Les deux principaux sont ceux de Reichenau et de Cassel. Le premier, ainsi nommé de l’abbaye dont il provient[1], a été rédigé sans doute en France. Il comprend deux parties, l’une (fo 1 à 20) destinée à expliquer les termes de la Vulgate que l’auteur jugeait les plus difficiles, l’autre formée d’une liste alphabétique de termes de toutes sortes.
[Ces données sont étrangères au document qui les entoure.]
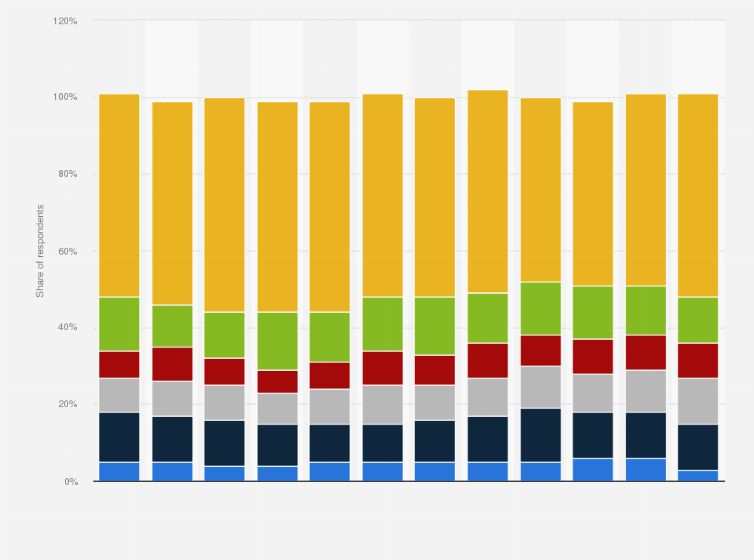Statistic: Frequency of visit to libraries in the Netherlands from 2015 to 2020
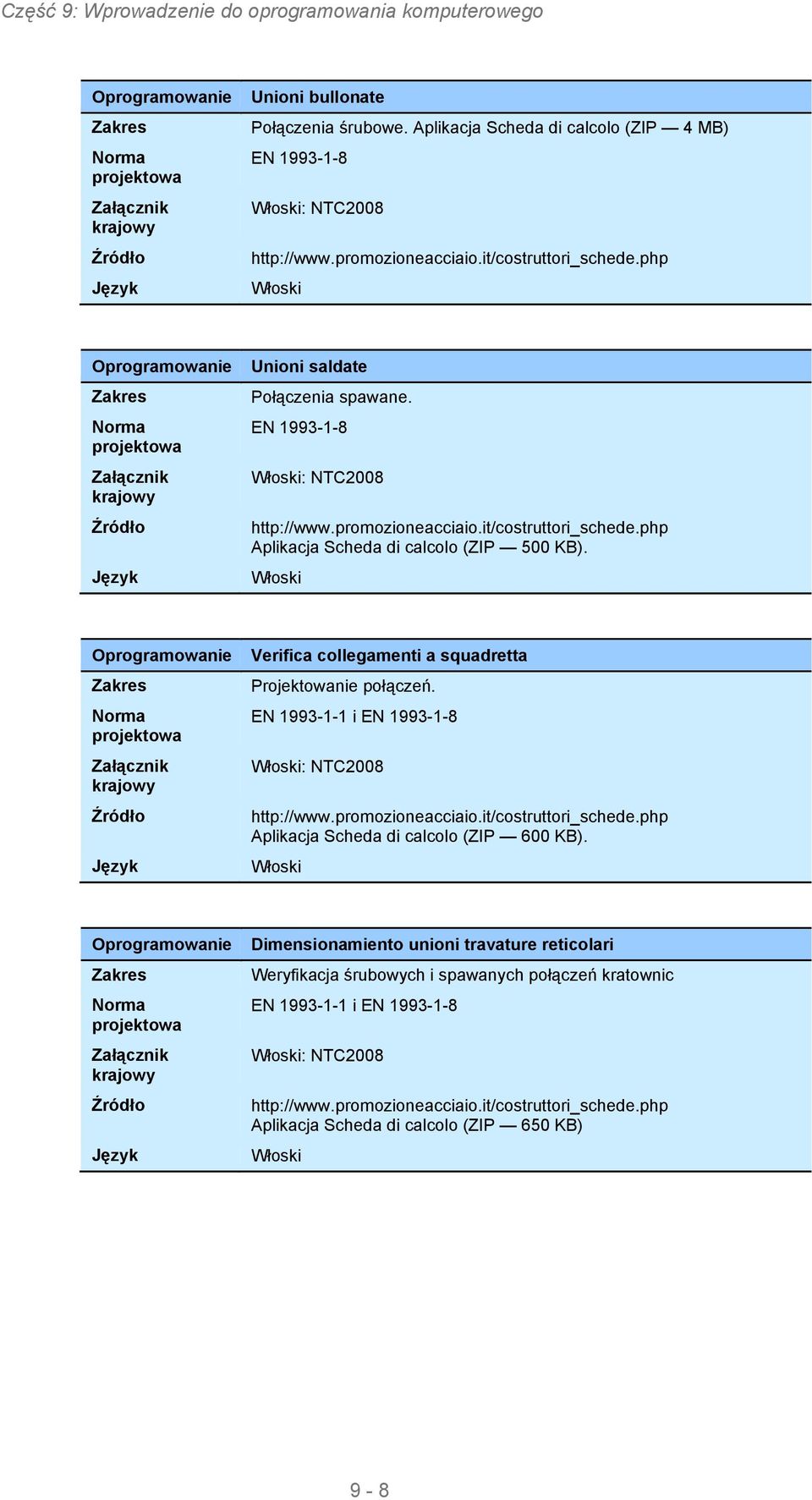 Włoski Verifica collegamenti a squadretta Projektowanie połączeń. EN 1993-1-1 i EN 1993-1-8 Włoski: NTC2008 http://www.promozioneacciaio.it/costruttori_schede.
Ainsi qu’on va le voir, sous leur air latin, les mots trahissent déjà le français qui va naître :

Sculpare : intaliare (entailler) ; sarcina : bisatia (besace) ; gratia : merces (merci) ; sindone : linciolo (linceul) ; mutuare : impruntare (emprunter) ; jecore : ficatus (foie) ; singulariter : solamente (seulement) ; da : dona (donne) ; meridiem : diem medium (midi) ; in foro : in mercato (en marché) ; oves : berbices (brebis) ; epulabatur : manducabat (il mangeait) ; caseum : formaticum (fromage).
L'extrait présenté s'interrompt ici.